Photo by SdotCruz on Flickr.
DC wants to keep its WWI memorial: The Association of the Oldest Inhabitants of the District of Columbia wants a national World War I memorial, just in Pershing Park rather than on the District's existing World War I memorial. (WAMU)

Audit for Union Station management: Union Station management will undergo a federal audit if two members of Congress have their way. Delegate Eleanor Holmes Norton "doesn't know enough to say there's something wrong, but what's worse than that is not knowing anything." (Times)

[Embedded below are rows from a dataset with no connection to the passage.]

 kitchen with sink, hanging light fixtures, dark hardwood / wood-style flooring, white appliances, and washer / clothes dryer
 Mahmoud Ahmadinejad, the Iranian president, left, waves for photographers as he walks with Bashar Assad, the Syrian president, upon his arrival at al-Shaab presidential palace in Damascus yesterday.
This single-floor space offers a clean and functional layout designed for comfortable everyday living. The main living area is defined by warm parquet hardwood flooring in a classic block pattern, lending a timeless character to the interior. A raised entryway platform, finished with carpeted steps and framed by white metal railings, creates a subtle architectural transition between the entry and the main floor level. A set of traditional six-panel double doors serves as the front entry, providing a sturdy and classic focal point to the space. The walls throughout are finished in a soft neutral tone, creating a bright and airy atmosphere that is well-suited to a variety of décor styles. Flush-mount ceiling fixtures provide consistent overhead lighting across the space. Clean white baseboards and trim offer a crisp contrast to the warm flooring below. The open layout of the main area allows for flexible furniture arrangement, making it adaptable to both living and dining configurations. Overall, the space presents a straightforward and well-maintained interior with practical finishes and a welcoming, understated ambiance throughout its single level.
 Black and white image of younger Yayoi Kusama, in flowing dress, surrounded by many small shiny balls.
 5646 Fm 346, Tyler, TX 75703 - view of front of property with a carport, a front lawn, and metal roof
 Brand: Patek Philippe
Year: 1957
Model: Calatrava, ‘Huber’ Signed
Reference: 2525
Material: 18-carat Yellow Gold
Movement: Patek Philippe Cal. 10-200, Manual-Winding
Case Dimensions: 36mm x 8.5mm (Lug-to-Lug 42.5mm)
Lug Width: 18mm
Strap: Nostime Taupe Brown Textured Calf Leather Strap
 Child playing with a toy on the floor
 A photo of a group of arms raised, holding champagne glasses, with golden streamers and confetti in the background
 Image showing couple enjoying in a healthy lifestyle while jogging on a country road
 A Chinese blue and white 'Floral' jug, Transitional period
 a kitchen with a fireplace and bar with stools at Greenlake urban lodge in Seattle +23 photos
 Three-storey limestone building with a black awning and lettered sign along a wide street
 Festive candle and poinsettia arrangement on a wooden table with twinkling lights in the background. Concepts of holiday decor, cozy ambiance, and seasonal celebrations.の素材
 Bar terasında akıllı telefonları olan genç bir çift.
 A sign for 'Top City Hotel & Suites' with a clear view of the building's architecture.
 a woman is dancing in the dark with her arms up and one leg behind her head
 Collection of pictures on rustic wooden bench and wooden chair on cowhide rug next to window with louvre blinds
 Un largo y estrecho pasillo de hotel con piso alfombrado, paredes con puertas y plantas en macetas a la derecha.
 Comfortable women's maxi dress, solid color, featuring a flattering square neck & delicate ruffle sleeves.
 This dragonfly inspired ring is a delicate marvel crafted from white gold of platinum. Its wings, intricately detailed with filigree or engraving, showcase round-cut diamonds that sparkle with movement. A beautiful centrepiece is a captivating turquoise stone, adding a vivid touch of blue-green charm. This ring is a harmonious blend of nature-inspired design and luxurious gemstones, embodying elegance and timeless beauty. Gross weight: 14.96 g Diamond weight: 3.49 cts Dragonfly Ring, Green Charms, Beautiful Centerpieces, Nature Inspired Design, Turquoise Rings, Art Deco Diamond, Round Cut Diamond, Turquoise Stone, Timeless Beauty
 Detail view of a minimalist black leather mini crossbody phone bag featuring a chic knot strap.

Death in Rockville crash: Five drivers, including a Metrobus operator, were involved in a major accident on Rockville Pike. One person was killed and a dozen more injured. No cause is yet known. (WAMU)

Shady deal in Catoe's Metro: A Metro manager hired a friend for $140,000 in a noncompetitive manner and fired a whistleblower for complaining to then-GM John Catoe, according to a report by WMATA's Inspector General. (Times)

An avalanche of tickets: In fiscal year 2011, DC issued 1.6 million parking tickets - roughly six per minute - according to AAA. To AAA, this amounted to "no mercy", while DPW said such enforcement was necessary to ensure parking turnover. (Times)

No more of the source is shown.